Another problem, with this approach is that, when you are developing your skills in one area, you are not connecting the dots between all of the other areas. Being able to see how all of these skill-sets connect and complement each other is important in being able to understand the data science workflow. This type of intuition can only be acquired through working on projects and having a very directed approach of learning.
In your career as a data scientist, you will see that the process of working on any data science project is iterative and you have to constantly go back and reevaluate something or improve on some part of the process. The same iterative mentality can be applied to developing an effective learning strategy. However, to apply this mentality to your learning you will need to be comfortable with the knowledge that you will not know everything about the tools you are using to solve a specific problem. You should be comfortable with learning just enough to be able to solve a problem and not make grueling mistakes or unclear assumptions. This approach is more effective as it teaches you how to identify what you need to learn to carry out a task and connect the dots between different parts of the project.

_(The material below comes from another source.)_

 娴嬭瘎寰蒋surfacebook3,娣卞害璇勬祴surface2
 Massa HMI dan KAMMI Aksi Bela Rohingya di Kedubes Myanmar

Imagine you are blindfolded and dropped off in an unknown forest. What is the first thing you do? You look around and try to identify where you are. You explore. You try to get a lay of the land. You identify what you need to do in order to survive; your goal of survival is linked to you getting food water and shelter. Getting food water and shelter is linked to you acquiring the skills you need to be able to get those things. Acquiring those skills is linked to actually working on getting those three things and working with what you know already. Everything is linked to having a clear and defined goal - survival. Having an end goal in your learning process will bring a lot of clarity in terms both knowing when to stop and knowing what you need to know. It will also allow you to see the learning as a whole rather than bits and pieces that are supposed to fit together.
However, having a clear and defined goal is difficult when you are just starting your journey as a data scientist. There is a lot of noise regarding what you could be doing and what you should be doing and everyone has an opinion (just like this article). But it is important to realize that the best way to cut through the noise and get right to the signal is to know where the signal is coming from. There are two ways to narrow your scope of finding an end objective :
- Identifying an industry of interest. You should ask yourself the following questions: What type of industry are you most inclined towards? What type of problems are usually worked on in this industry? Do those problems and the solutions to those problems sound interesting to you? Can you reach out to data scientists in that specific industry and ask them about what drives them to work on the problems they work on?
- Identifying the type of data or problems you wish to work on : Do you find the idea of working with image data and computer vision interesting or do you wish to work with something different like audio or music? Do you find the types of problems that lie within natural language processing to be interesting? Do you wish to work with prediction tasks or inference tasks? Or do you wish to be able to tell a good story through beautiful data visualizations?
Asking yourself these questions will direct your research and help you gain a clearer picture about what you are interested in, and in turn help structure your learning. The more you work towards a specific goal in mind, the better you will be able to identify what to learn and how to stop when you have learned enough. It would be also be very beneficial to read papers about topics you are interested in and be aware of the new developments in your field of interest. Connectedpapers.com is a great resource for you to use to identify papers that are interesting and similar to your scope of interest. It will also help you see what technologies are being used, and the type of skills you will need to know to gain a better conceptual understanding.
Lastly, being able to connect the dots between different parts of what you are learning, can only be done by applying what you learn. This can be done through working on projects that you find interesting and going through the process from start to finish. A good way to work on a project can by re-implementing a research project on your own and then writing about it in an explanatory blogpost that helps someone else understand the project better. A good resource for going through code in research projects is paperswithcode.com. This contains papers with the datasets they used and code published online.